The consequences of the First World War were profound: four empires fell; numerous countries were created or regained independence; and significant changes were made to the political, cultural, economic, and social climate of the world. The Paris Peace Conference of 1919 was the initial forum for establishing the terms of peace; it was by design a global conference with representation from 33 nations, concerned with a broad mandate extending to the establishment of a new international community based on moral and legal principles. As such, it called on non-governmental organisations (NGOs) to assist in its work. It was the focus of NGO and lobby groups eager to advance their agendas by vigorous advocacy.
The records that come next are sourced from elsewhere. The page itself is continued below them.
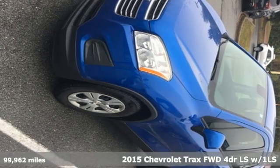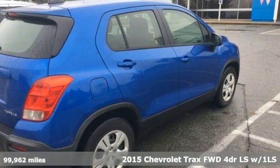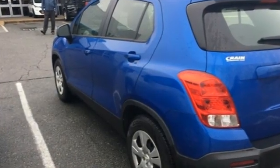Here's a 2015 Chevrolet Trax. Don't let the slick city look of this Trax fool you — there's plenty of room for cargo and people with a variety of seating configurations. And with features like these, every drive is a pleasure.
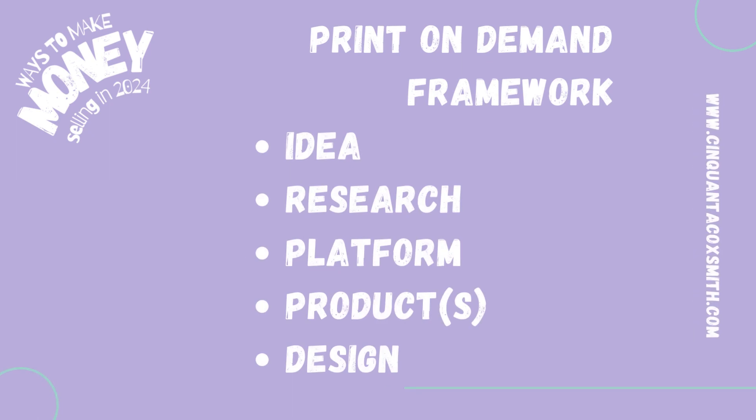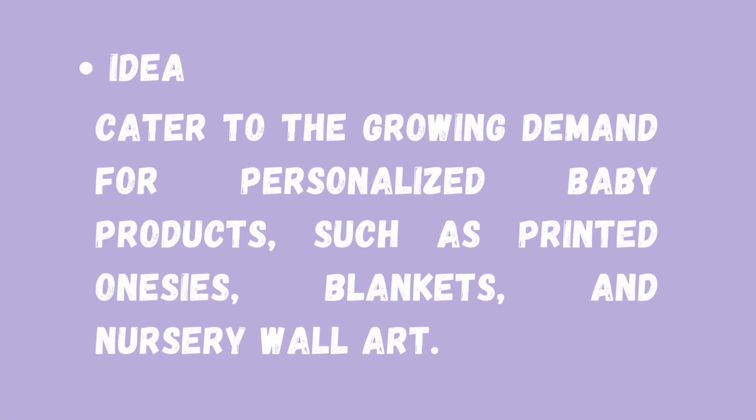Idea, research, platform, product, and design. The idea that we'll be developing today, we're going to cater to the growing demand for personalized baby products, such as printed onesies, blankets, and nursery wall art, or even more types of products in that collection of baby products.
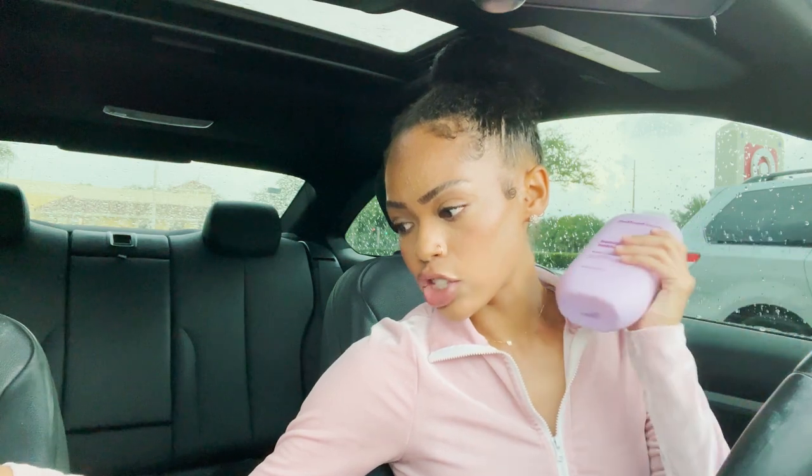It smells so good — I'm so excited. Of course we're gonna try this when I get home, and I want to try the sugar cubes too. I feel like I'm gonna love these. Okay, so let's go ahead and go to Ulta before we get rained on.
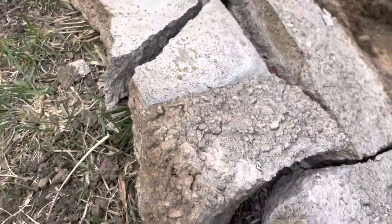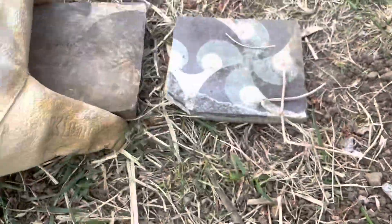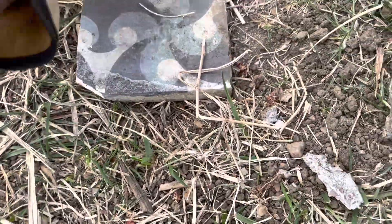So this is in the bottom — someone poured cement over these. This is the second random one. Here's a part of one, here's two pieces of one. Can you believe someone just got rid of these? This is crazy.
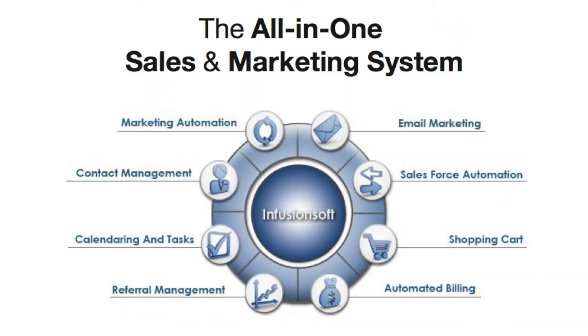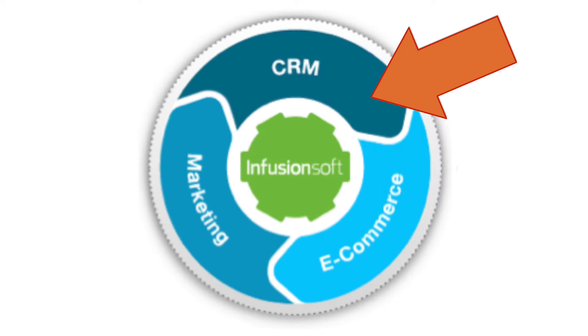Infusionsoft is that all-in-one sales and marketing system for small businesses. What I mean by that is we give you a full-fledged CRM — a centralized database where you'll be able to log all of your leads, prospects, customers, and clients, get them all into one database, segment and group them, and get that warm fuzzy feeling inside that you are organized.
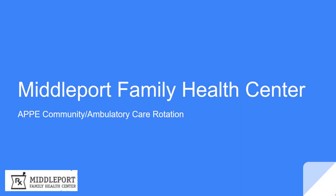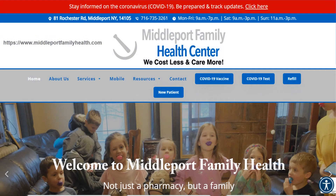Hello and welcome to the introduction to the Middleport Family Health Center community and ambulatory care APPE rotation. My name is Chris Brighton and I am one of the current PGY-1 residents at this facility. I will be presenting the introductory video for you today. Middleport Family Health Center is locally owned and operated — a full-service pharmacy serving nursing homes, assisted living facilities, and medical care facilities in this area.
Initially, the Peace Conference organisers had planned to draw up the treaties based on the plenary sessions. The need for restoring stability, secrecy, and speedy progress, however, prevented the public sessions from doing so. Instead, the meetings of the Supreme Council, headed by the Prime Minister and foreign minister of each of the Principal Powers—United Kingdom (UK), France, Italy, Japan, and the US—served as the negotiation sessions for delegates in attendance. Fifty-two separate commissions, and numerous committees, made up of diplomats, policy experts, and other specialists, framed the articles of the various treaties and presented them as recommendations to the Supreme Council. Among the varied commissions were the Commission on Labour Questions, and the League of Nations Commission, which would eventually agree to meet with the women's delegates.
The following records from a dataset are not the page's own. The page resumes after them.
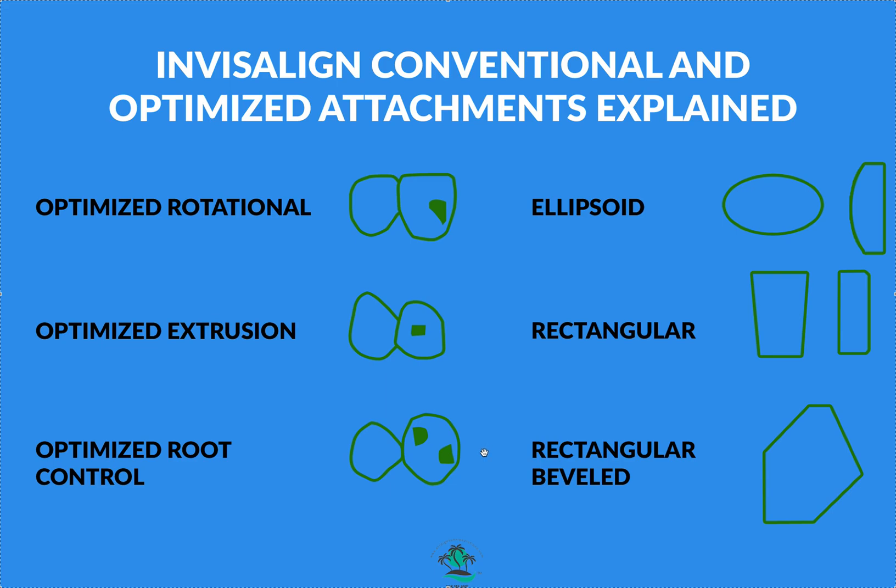Don't get too obsessed about attachments — if it needs one, put one on. For upper laterals, I always put big, chunky full-size rectangular attachments if they're tipped, rotated, or need extrusion. My workflow: run the ClinCheck first, then double or triple the aligner count, then look for blue or black dots — anything with those gets a large attachment unless it's intrusion. I also scan the tooth movement table for major extrusions my eye might miss, and make sure those teeth have attachments.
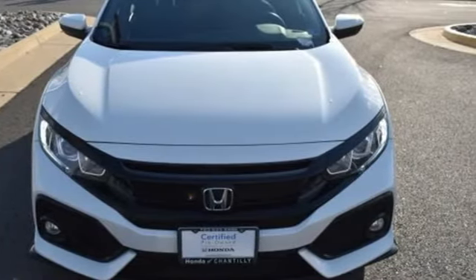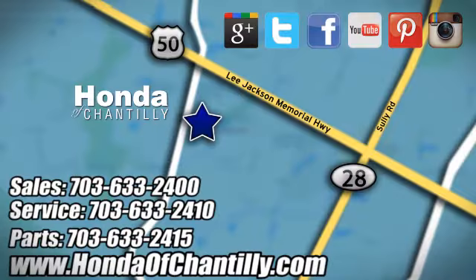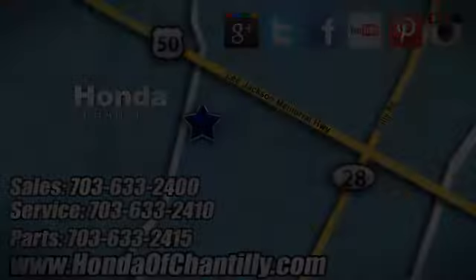See it for yourself when you take it for a test drive. Honda of Chantilly — we're conveniently located just south of Dulles Airport at 4175 Stonecroft Boulevard in Chantilly.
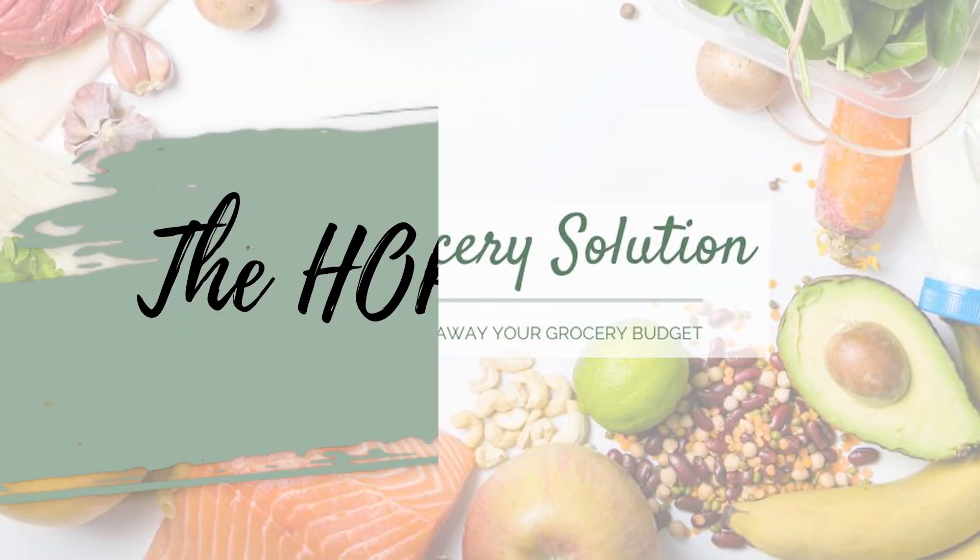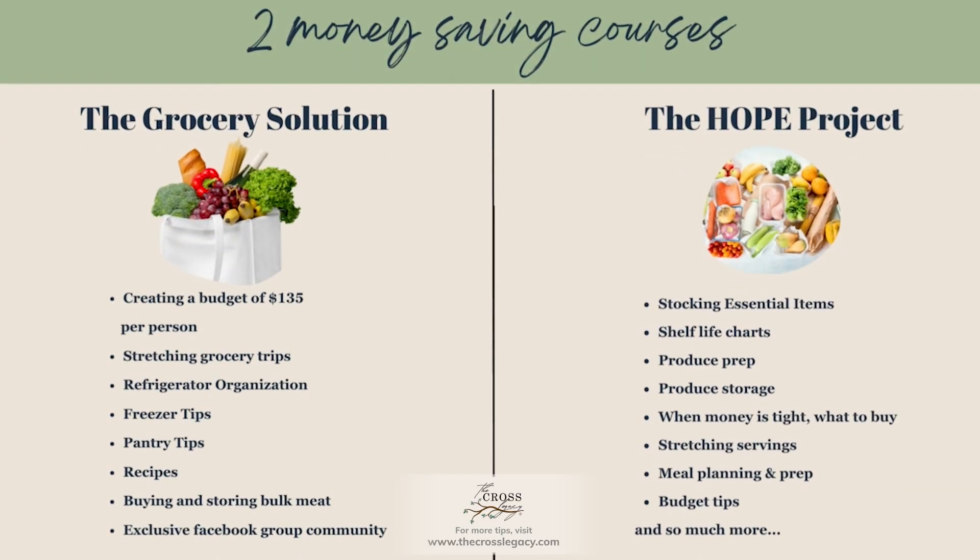All of the tips in both of the courses are to help you have great security in your house and not have such a stressful time with grocery prices rising right now. So make sure that you check out both of the courses.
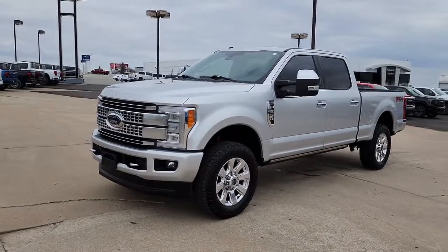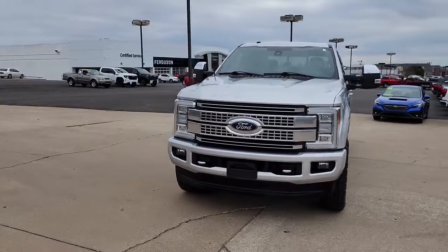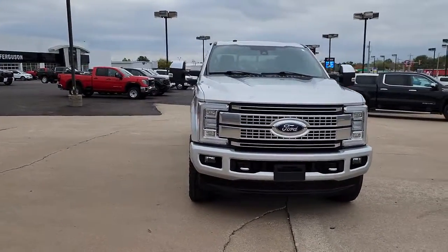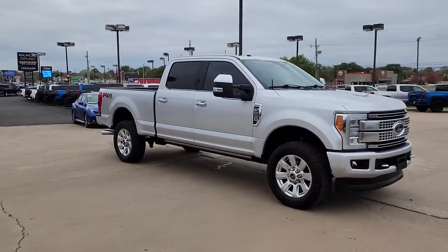You will love the features of this 2017 Ford F-250. With less than 150,000 miles on the odometer, this vehicle provides excellent value. Get the full-size pickup you can count on.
As world leaders gathered for negotiations to draft peace terms after the armistices, Marguerite de Witt-Schlumberger—vice-president of the International Woman Suffrage Alliance and president of the auxiliary organisation, the French Union for Women's Suffrage—wrote a letter dated 18 January 1919 to the US President, Woodrow Wilson, urging him to allow women to participate in the discussions that would inform the treaty negotiations and policy making. Concerned with war crimes committed against women and the lack of any formal outlet for women's political agency, French suffragists wrote to Wilson again on 25 January. They stressed that because some women had fought alongside men, and many women had provided support for men in the war, women's issues should be addressed at the conference. Though Wilson acknowledged their participation and sacrifices, he refused to grant women an official role in the peace process, arguing that their concerns were outside the scope of discussions and that conference delegates were not in a position to tell governments how to manage their internal affairs.
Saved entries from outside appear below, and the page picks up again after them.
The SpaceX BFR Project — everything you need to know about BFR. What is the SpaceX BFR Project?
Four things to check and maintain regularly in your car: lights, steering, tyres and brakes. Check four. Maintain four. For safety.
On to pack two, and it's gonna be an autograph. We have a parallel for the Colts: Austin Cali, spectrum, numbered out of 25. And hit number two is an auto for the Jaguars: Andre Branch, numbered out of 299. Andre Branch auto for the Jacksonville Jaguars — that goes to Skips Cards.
A delegation of 80 French women led by Valentine Thomson, editor of La Vie Feminine and daughter of former cabinet minister Gaston Thomson, met with President Wilson on 1 February at Villa Murat to press for their inclusion in the deliberations of the peace conference. His response was similar to his previous stance that employment issues might be discussed, but women's civil and political rights were domestic issues. During the Labour and Socialist International Conference held in Bern, Switzerland, between 3 and 8 February, women participants from the International Women's Committee of Permanent Peace had held a special meeting organised by Rosika Schwimmer, the Hungarian ambassador to Switzerland and founder of the Hungarian Feminist Association. The delegates at the Bern conference resolved that they would support a democratically formed League of Nations and women's participation in the Paris Peace Conference.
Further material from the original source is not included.